__What this task involves__: Leave out the pictures and set down the rest of the listing below word for word.

__Data__:
..............................

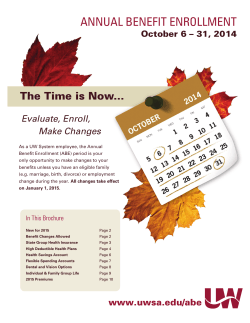 ANNUAL BENEFIT ENROLLMENT The Time is Now... Evaluate, Enroll, Make Changes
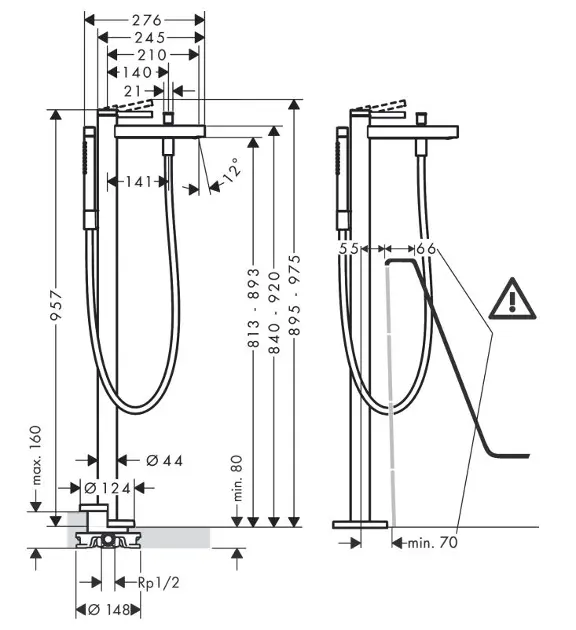 Hansgrohe - Finoris - Kádtöltő csaptelep - 76445700 – 2. kép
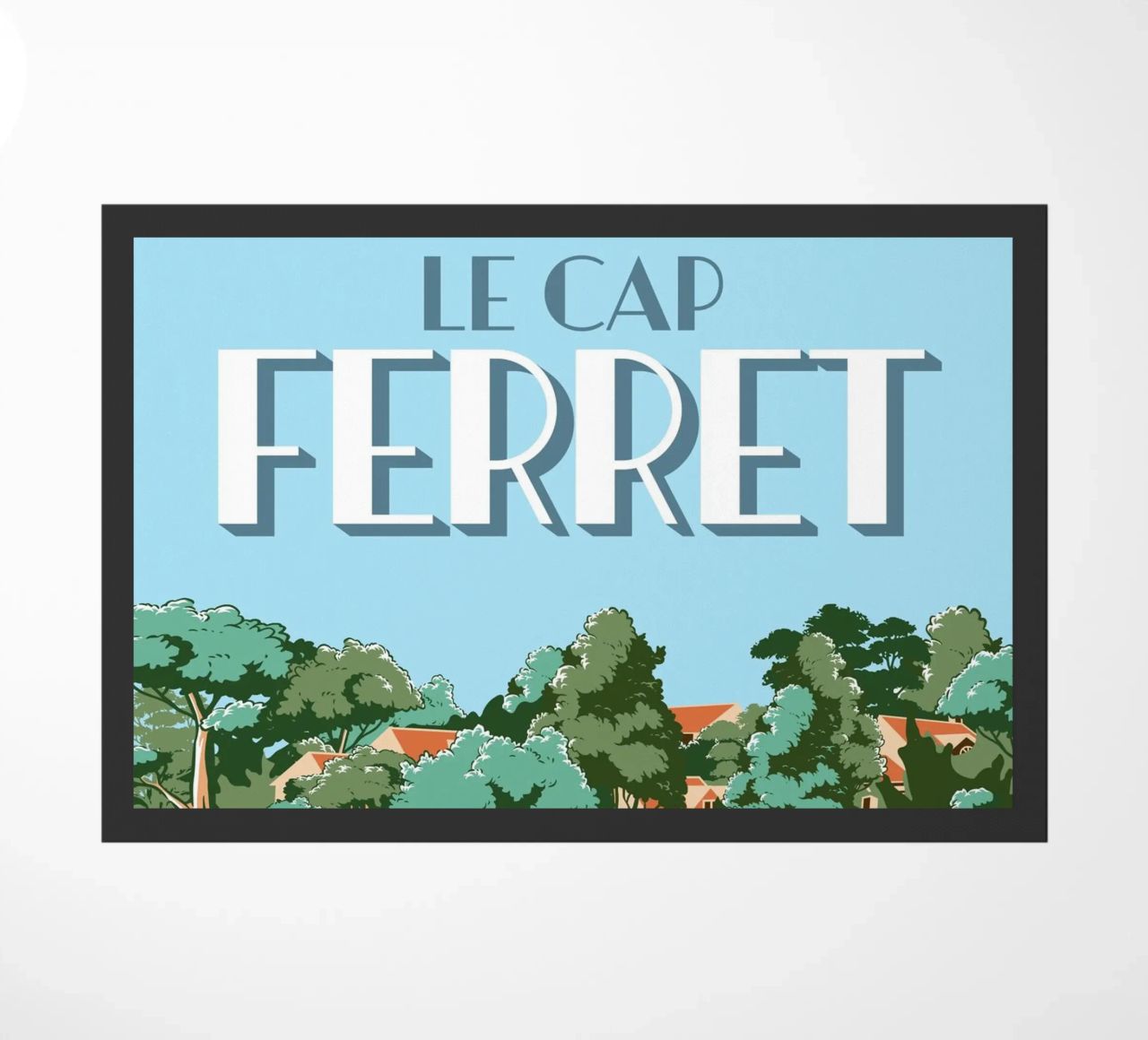 Cap Ferret Vintage Poster | French Coastal Art paillasson de Une Affaire de Filles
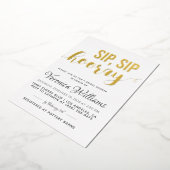 Sip Sip Hooray Bruiloft Feest Folie Uitnodiging (Gedraaid)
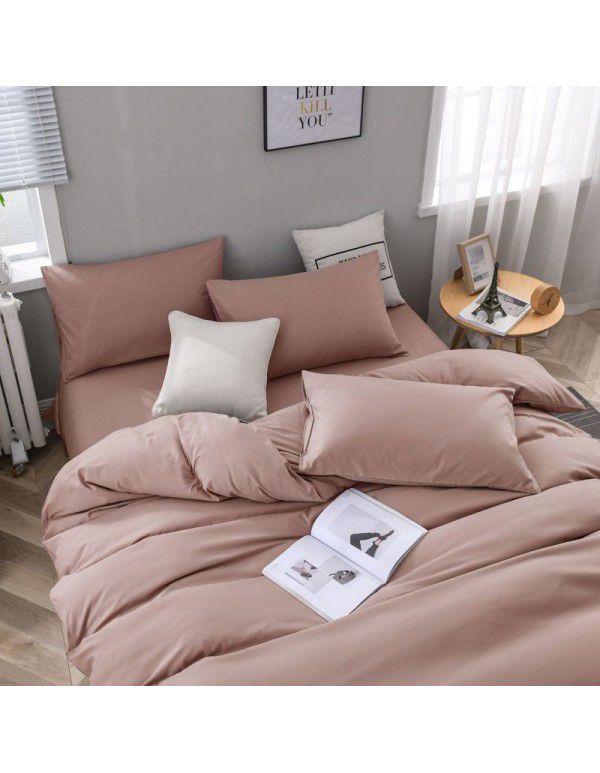 Manufacturer direct selling autumn and winter New Nordic bedding four piece set purple home textile quilt cover solid color student three piece set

..............................

__Solution to the problem__:
 ANNUAL BENEFIT ENROLLMENT The Time is Now... Evaluate, Enroll, Make Changes
 Hansgrohe - Finoris - Kádtöltő csaptelep - 76445700 – 2. kép
 Cap Ferret Vintage Poster | French Coastal Art paillasson de Une Affaire de Filles
 Sip Sip Hooray Bruiloft Feest Folie Uitnodiging (Gedraaid)
 Manufacturer direct selling autumn and winter New Nordic bedding four piece set purple home textile quilt cover solid color student three piece set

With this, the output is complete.